Study on application of laser in maskless localized electrodeposition and surface quality enhancement

Abstract To obtain electrodeposited layers with different patterns, the additional auxiliary measures such as mask prepared by photoresist are usually required for traditional electrodeposition (ECD) technology, which may reduce the flexibility and convenience of this method. Meanwhile, the ultrashort pulsed laser can be introduced into ECD process and increase current density in the selected area on cathode, and has potential in helping achieve maskless localized ECD. In this paper, the picosecond (ps) laser-assisted ECD (LECD) method is studied, in which a cyclic laser scanning scheme is used to produce different electrodeposited layers on the cathode substrate. In addition, the realizing mechanism of localized ECD is discussed, and the surface quality of Ni-P coating prepared by LECD is evaluated. The results show that the electrodeposited layers with different sizes (1 × 1 mm, 2 × 2 mm and 3 × 3 mm) can be obtained by laser selective irradiation on the copper substrate (10 × 10 mm), demonstrating that the critical current can be increased to reach the reaction conditions in the irradiated zone by the laser-caused thermal effects.
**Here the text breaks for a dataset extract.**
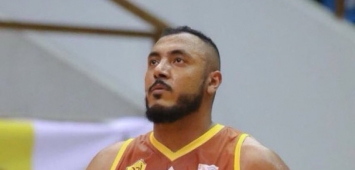 لاعب أحد لكرة السلة ناصر أبو جلاس (Twitter/ OHOD1936) ون ون winwin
Analysis also shows that the theoretical diameter of zigzag edge can be calculated, which is consistent with that of actual electrodeposited layer, indicating that the precision and localization of electrodeposited layer is controllable by adjusting laser processing parameters. Furthermore, measurement shows that a surface roughness of 0.012 μm and better surface flatness can be obtained by LECD under a pulse energy of 16 μJ, and the amorphous degree Ni-P can be increased by the thermal and photoelectric effects of ps laser irradiation. Besides, the corrosion potential and current density are −0.19 V and 3.83 × 10−6 A/cm2, respectively, and the AC impedance spectrum also indicates a higher electron transfer resistance, illustrating better corrosion resistance can be achieved by LECD (16 μJ).